__WORK ORDER__:
Make an exact copy, from the records below, of the lines from the line containing "Painted canvas with drawing" to the line containing "Nike Girls Dry", both lines included, excluding pictures.

__INPUT FOR THIS TASK__:
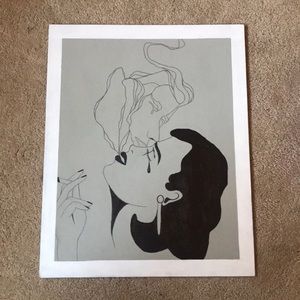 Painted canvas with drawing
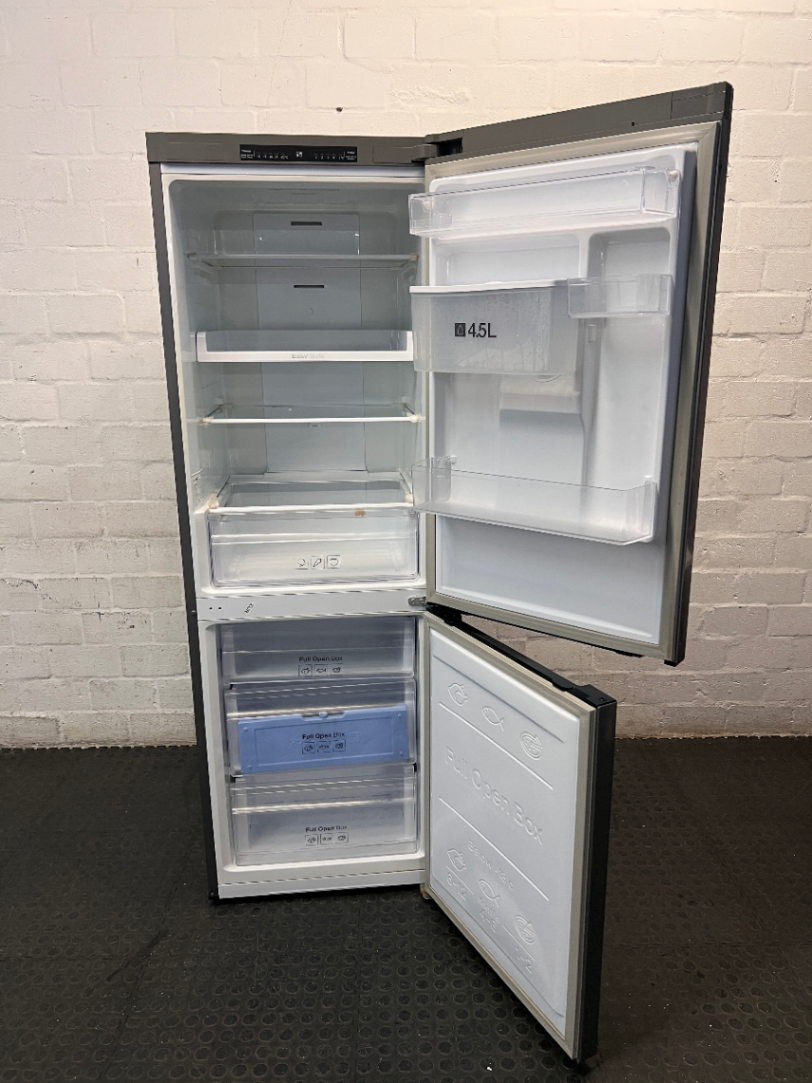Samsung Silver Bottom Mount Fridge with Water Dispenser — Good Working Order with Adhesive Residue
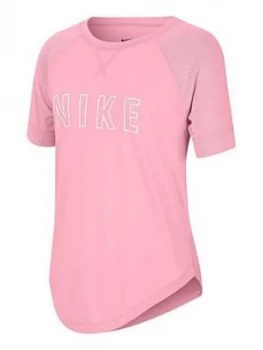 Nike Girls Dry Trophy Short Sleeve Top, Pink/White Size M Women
==
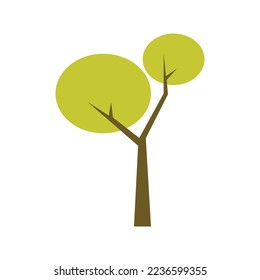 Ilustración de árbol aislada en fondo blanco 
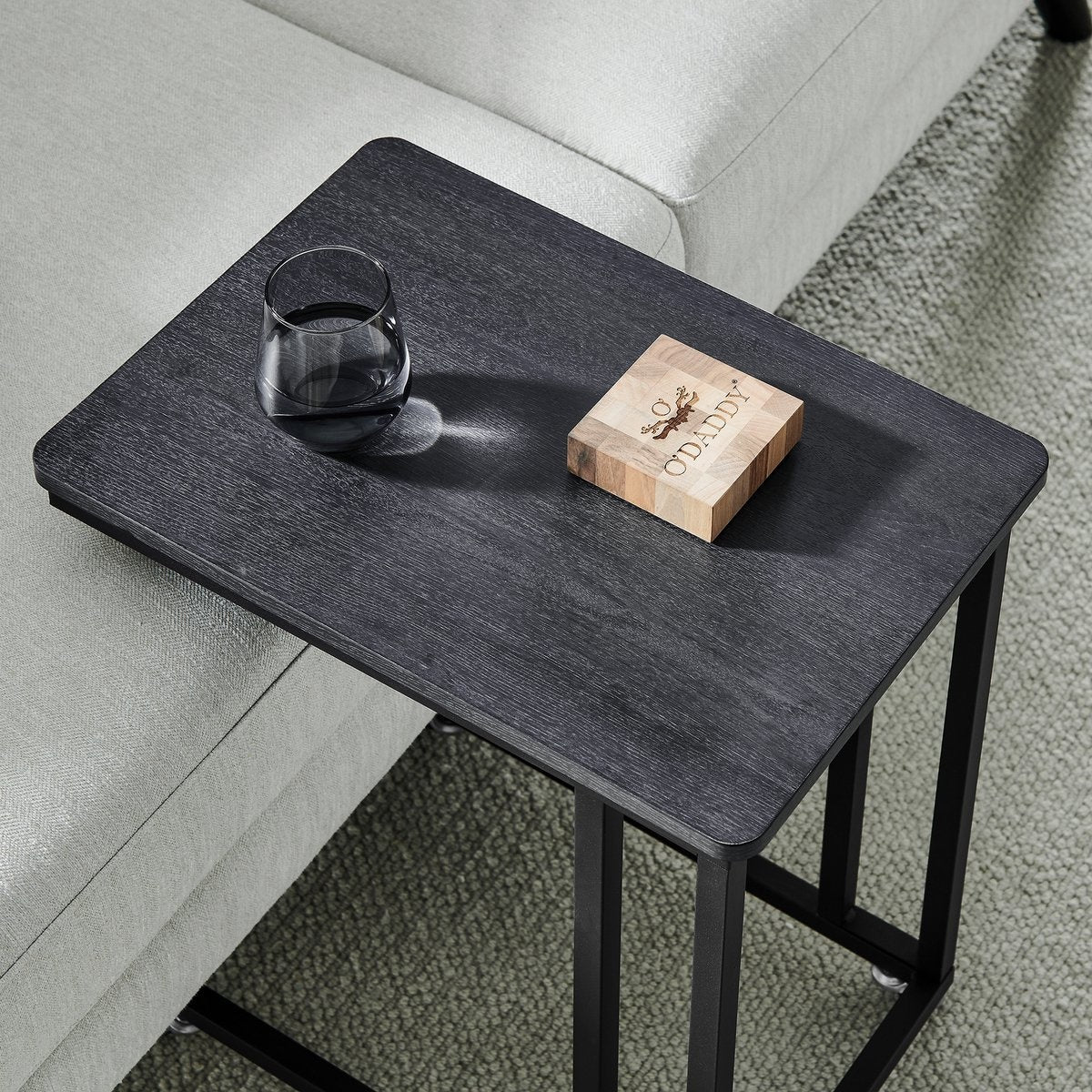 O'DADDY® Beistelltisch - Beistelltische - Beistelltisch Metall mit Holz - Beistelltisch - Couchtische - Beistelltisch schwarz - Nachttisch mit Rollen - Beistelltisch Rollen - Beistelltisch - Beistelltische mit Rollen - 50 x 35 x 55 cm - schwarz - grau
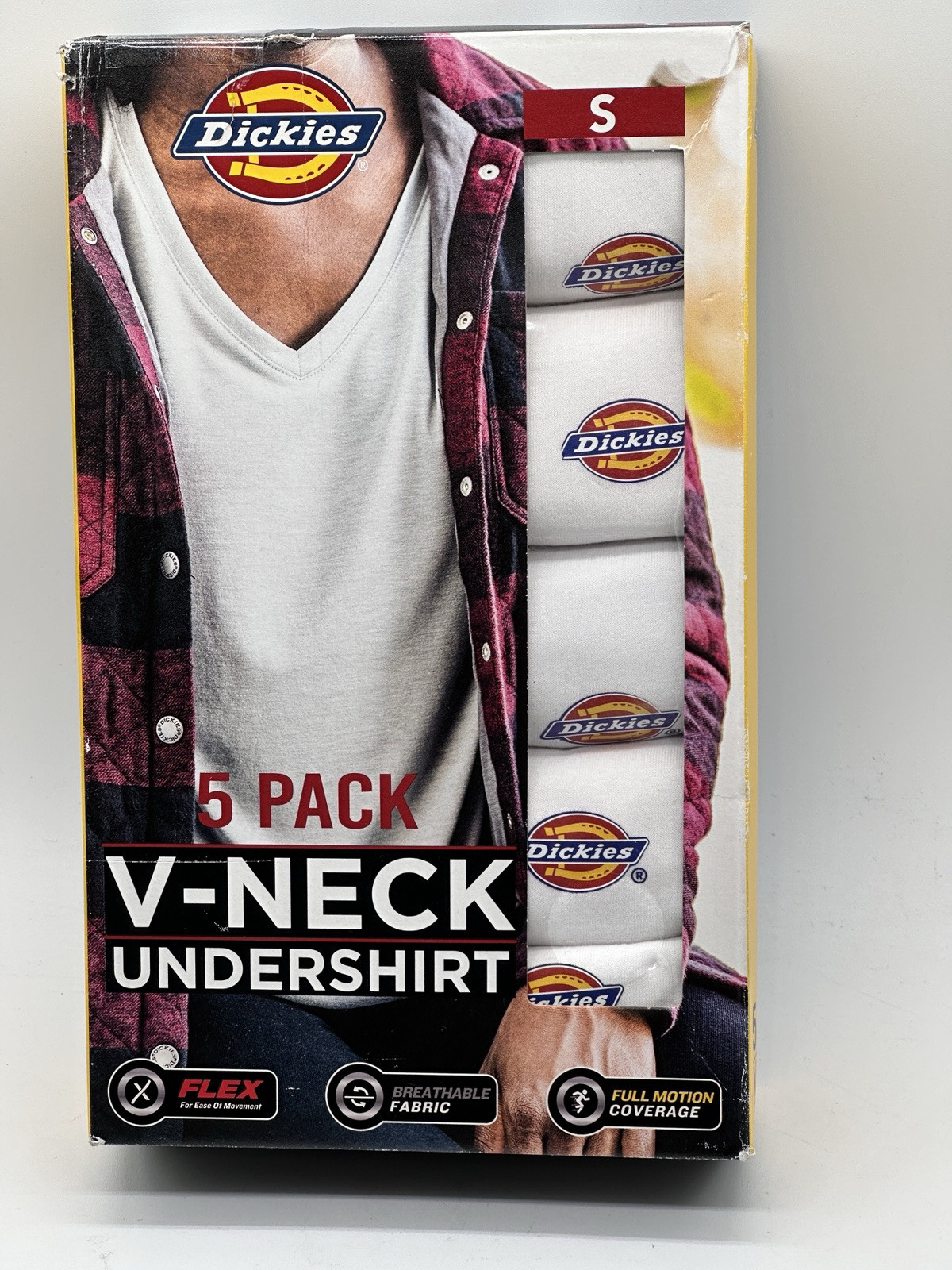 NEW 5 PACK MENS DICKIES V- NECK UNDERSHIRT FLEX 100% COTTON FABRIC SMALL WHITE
--
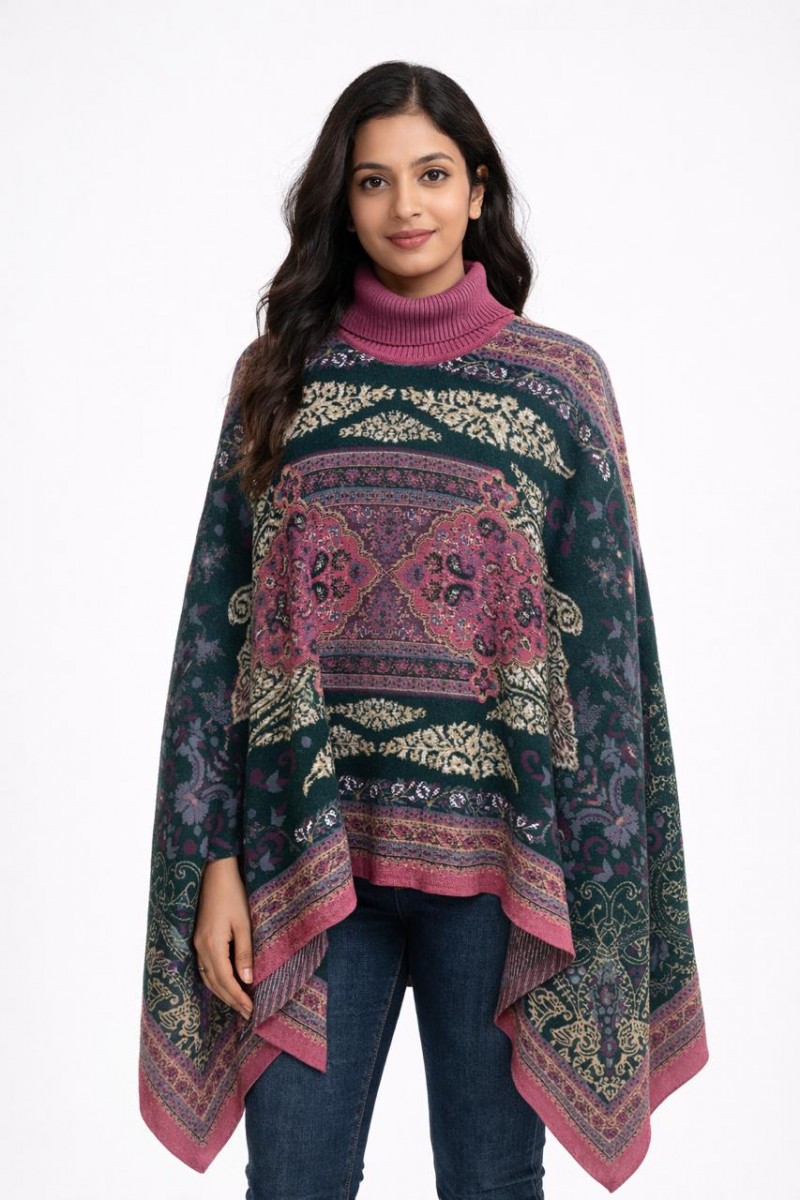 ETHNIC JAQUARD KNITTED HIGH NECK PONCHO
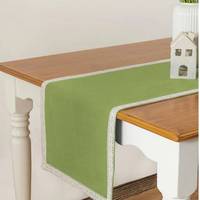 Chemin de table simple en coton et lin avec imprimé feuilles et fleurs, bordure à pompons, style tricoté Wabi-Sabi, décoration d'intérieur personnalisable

__WRITTEN RESPONSE__:
 Painted canvas with drawing
Samsung Silver Bottom Mount Fridge with Water Dispenser — Good Working Order with Adhesive Residue
 Nike Girls Dry Trophy Short Sleeve Top, Pink/White Size M Women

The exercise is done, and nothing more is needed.